Sacramento, Calif. — Secretary Chu’s decision to remove hydrogen R&D and hydrogen fuel cell vehicle demonstration programs from the Department of Energy’s 2010 budget request is a great disappointment and must be reconsidered.
“Hydrogen fuel cell vehicles have progressed to the point where some automakers are ready to begin early commercialization,” said CaFCP’s executive director, Catherine Dunwoody. “Stopping federal investment at this point is like a coach pulling back an Olympic athlete who has trained for years, just as the trials begin. We can’t wait for the next round. We’re ready to go.”
Working together, scientists and engineers from industry, government and academia have consistently met or exceeded the DOE Hydrogen Program’s ambitious goals for energy efficiency, vehicle range, system durability, and reduced cost both in the lab and on the road. It’s surprising that a program that consistently meets its goals and shows tremendous progress would have its funding deferred.
Dunwoody continued, “We are on our way toward commercially viable zero-emission vehicles that will meet Americans’ needs for full function, long range vehicles using domestically produced fuel that cuts greenhouse gases by 50% or more.”

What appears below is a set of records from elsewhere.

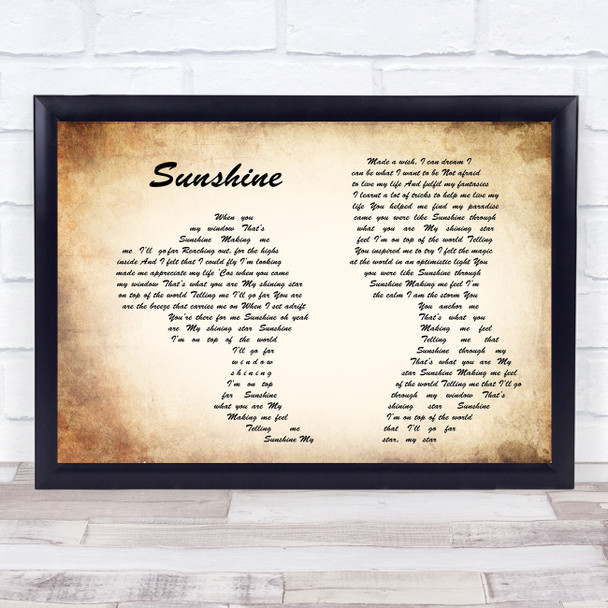 Gabrielle Sunshine Man Lady Couple Song Lyric Music Wall Art Print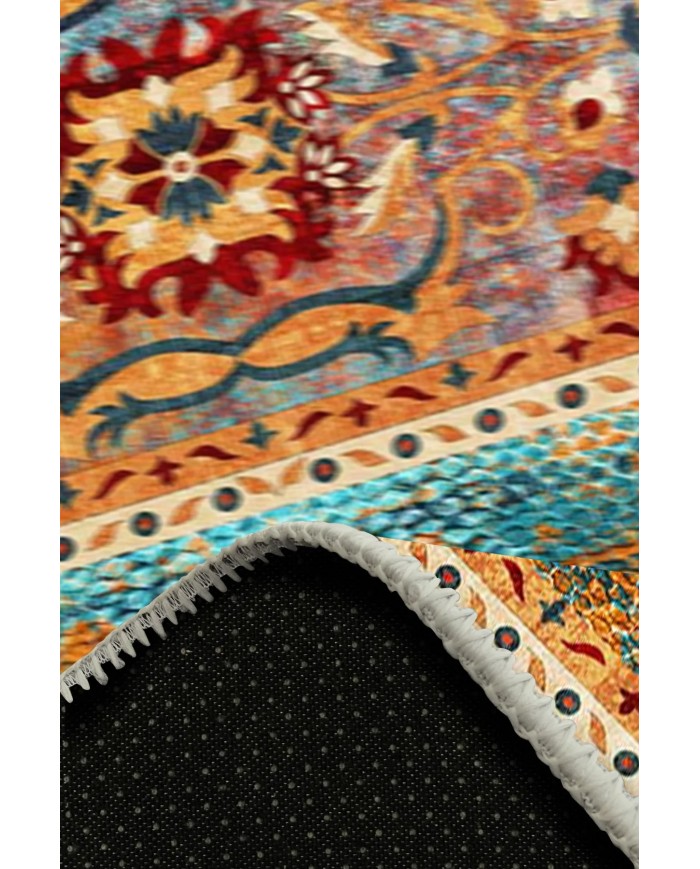 Golin Desenli Pamuk Tabanlı Yıkanabilen Kaymaz Antibakteriyel Şönil Salon Halısı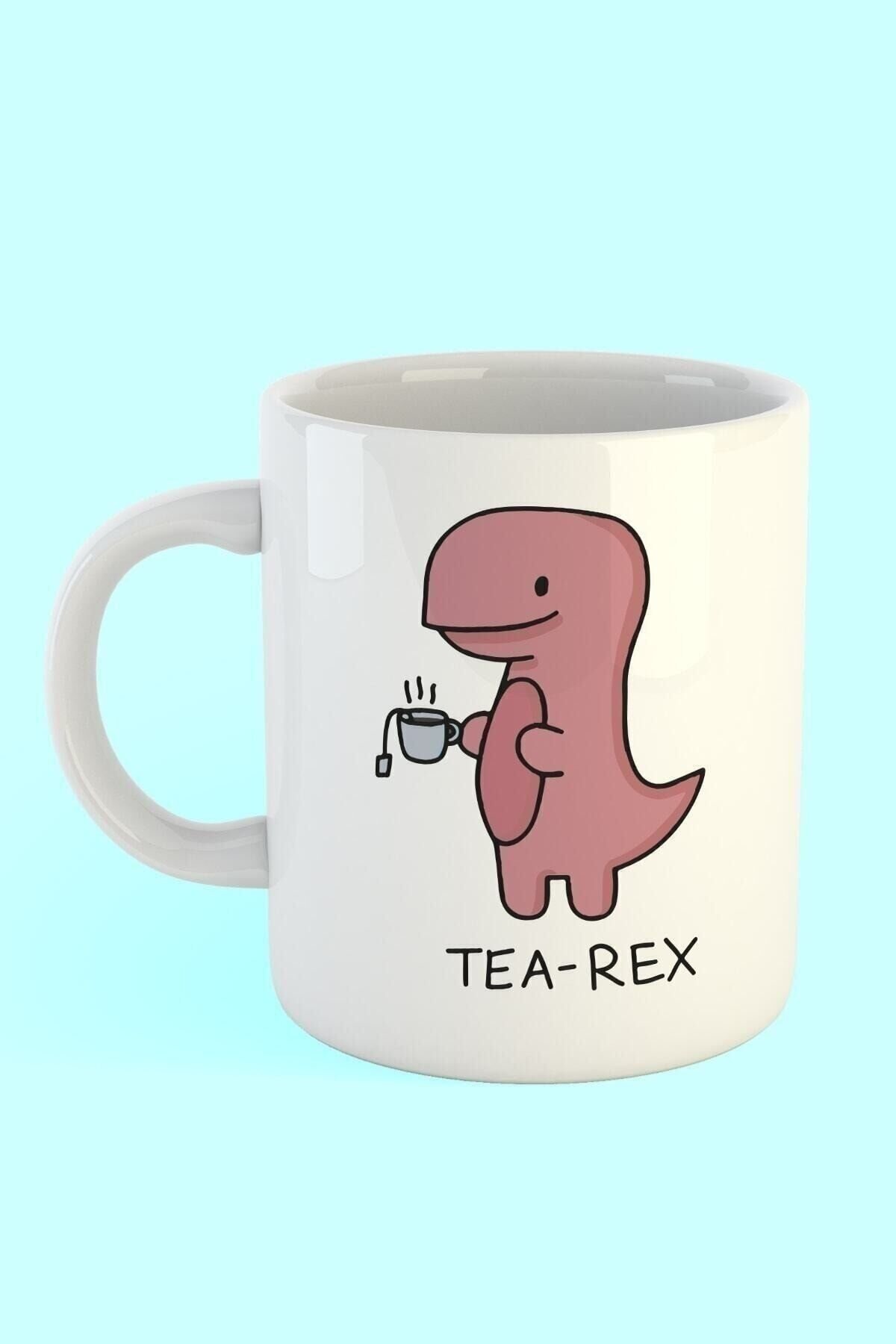 Tea Rex Baskılı Kahve Kupası Beyaz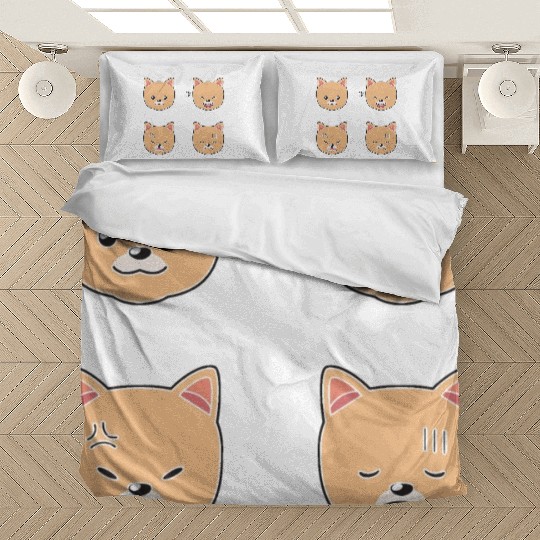 Funny Pomeranian Dog Cartoon Faces Bedding Sets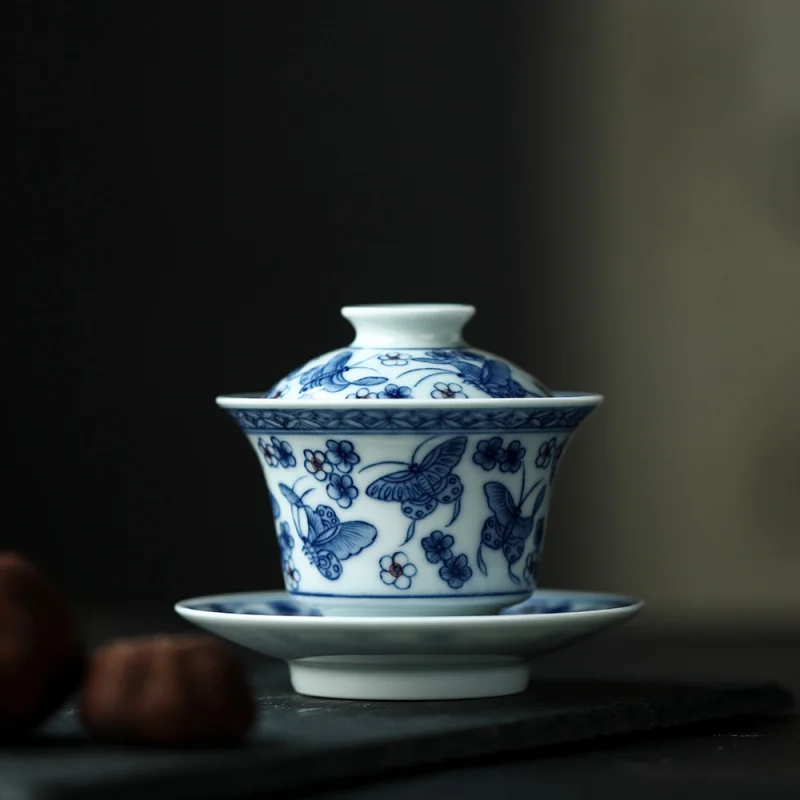 

★Mr. Qing Tureen Gaiwan, чайная чашка Цзиндэчжэнь синяя и белая деревянная печь с изображением бабочки, Высококачественная чайная кружка для приготовления чая 80 мл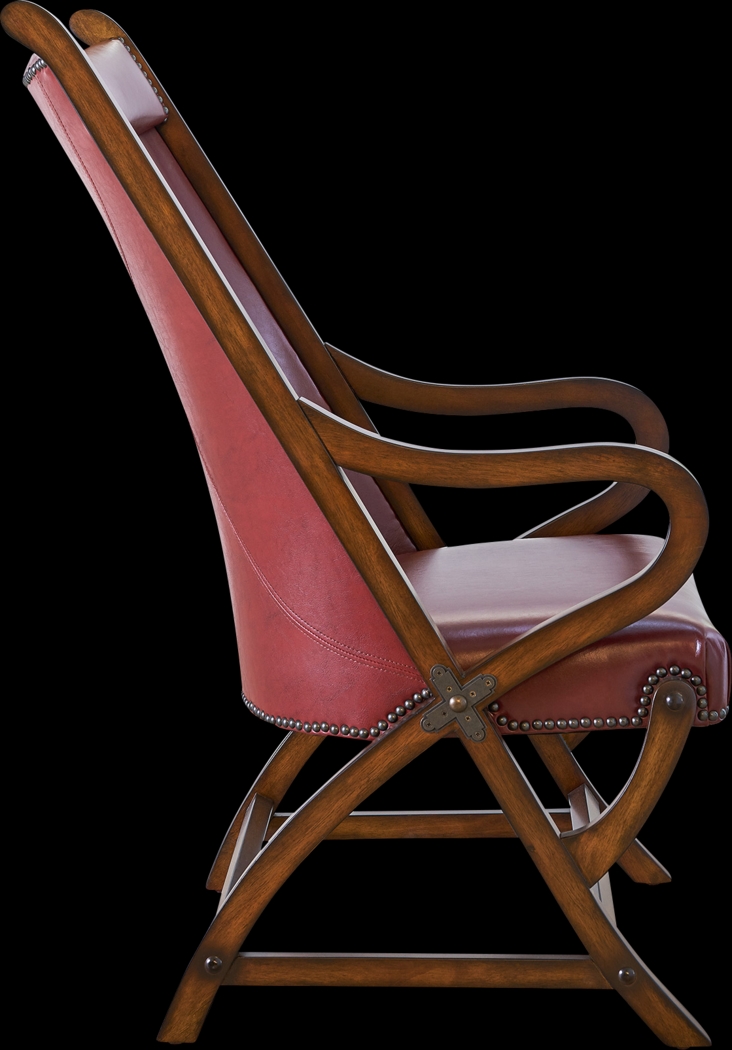 Chanticleer Red Accent Chair & Ottoman - Thumbnail - Image 4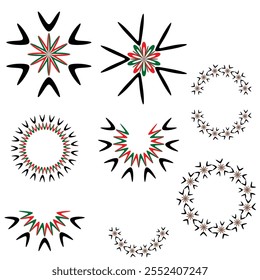 Abstract circular shapes with symmetrical star and floral patterns in red black and white ideal for decorative art modern designs and creative geometric project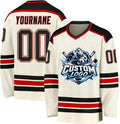 Custom Cream, Black and Red Hockey Jersey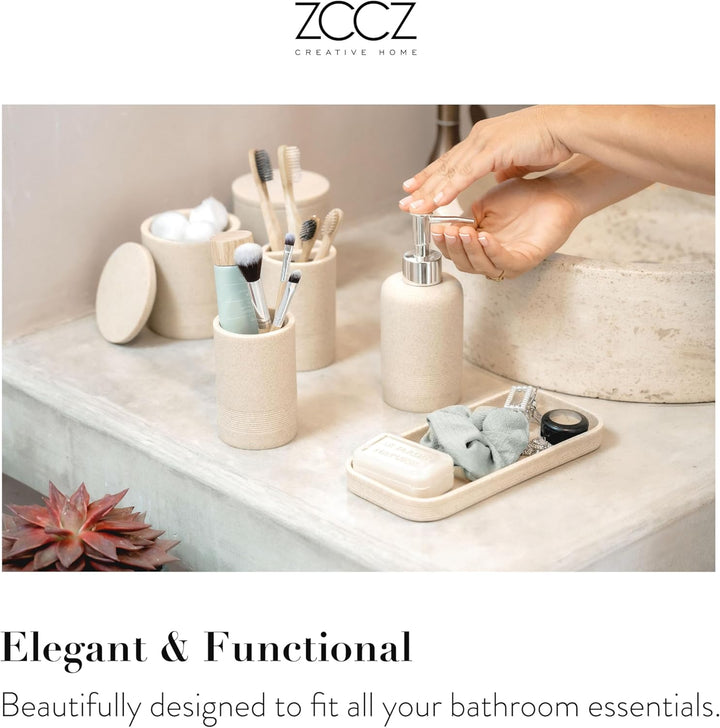 ZCCZ Badezimmer Set – 6 Teile – Badezimmer Organizer mit Zahnbürstenhalter, Seifenspender, Seifensch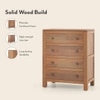 Walter Solid Wood Chest of Drawers in Amber Walnut Finish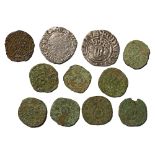 Group of Eleven [11] English Found Medieval, Tudor and Stuart AE and AR Coins.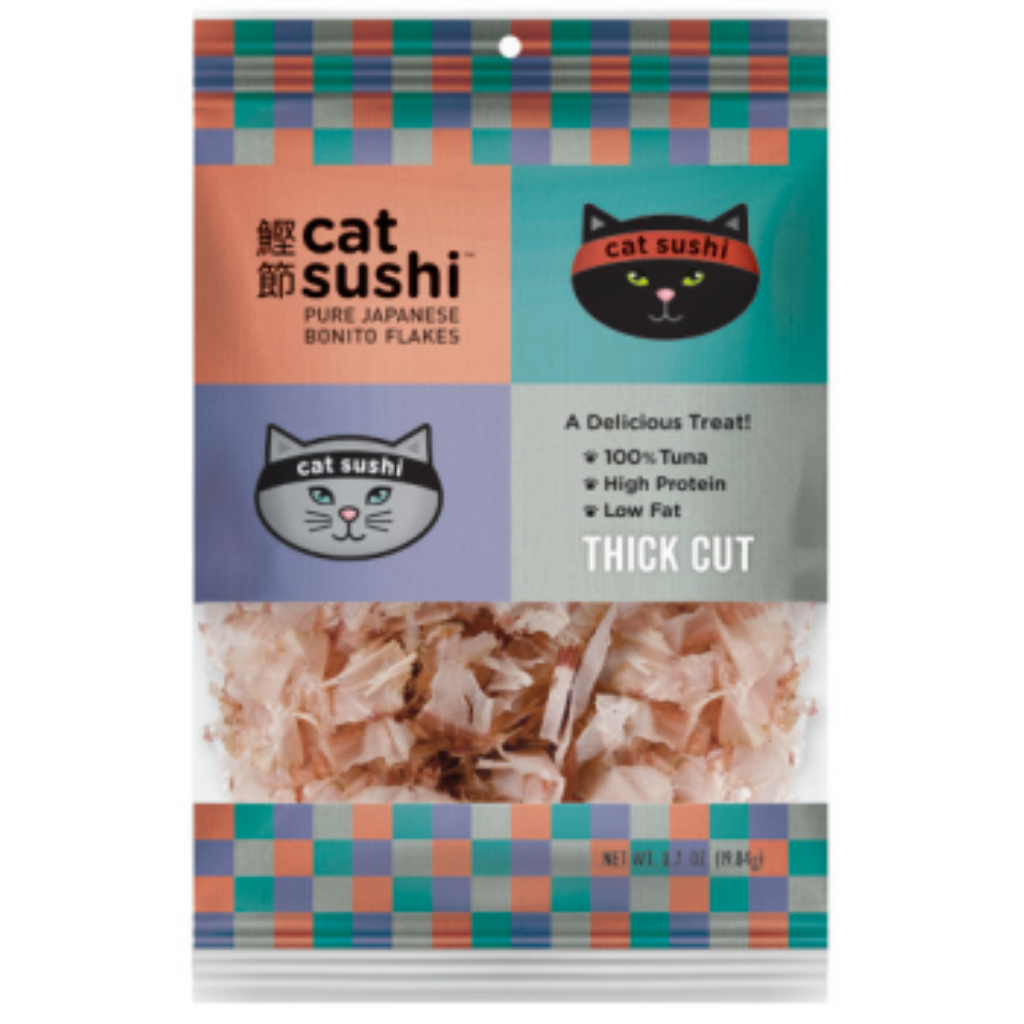 Presidio Cat Sushi Bonito Flakes Thick Cut Cat Treats, 0.7-oz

“I invite Secretary Chu and President Obama to drive one of the 300-plus hydrogen fuel cell vehicles automakers and transit agencies have already placed on the road. We can deliver passenger FCVs to their doorsteps in Washington DC, and they can fuel at the Shell hydrogen station nearby. Like the hundreds of thousands of Americans who have driven in these vehicles, their experience will convince them to participate in the final stretch of bringing these clean, fuel-efficient vehicles to market.”
In March of this year, the California Fuel Cell Partnership released a plan for the first phase of an early commercial market for hydrogen fuel cell vehicles. The “action plan” includes real numbers of fuel cell vehicles that the automakers are planning to place in California – 4,300 by 2014 and nearly 50,000 by 2017. It calls for a network of retail hydrogen stations to provide fuel for the first fuel cell vehicle customers. The State of California marked their continued support for hydrogen by committing $40 million toward these retail stations.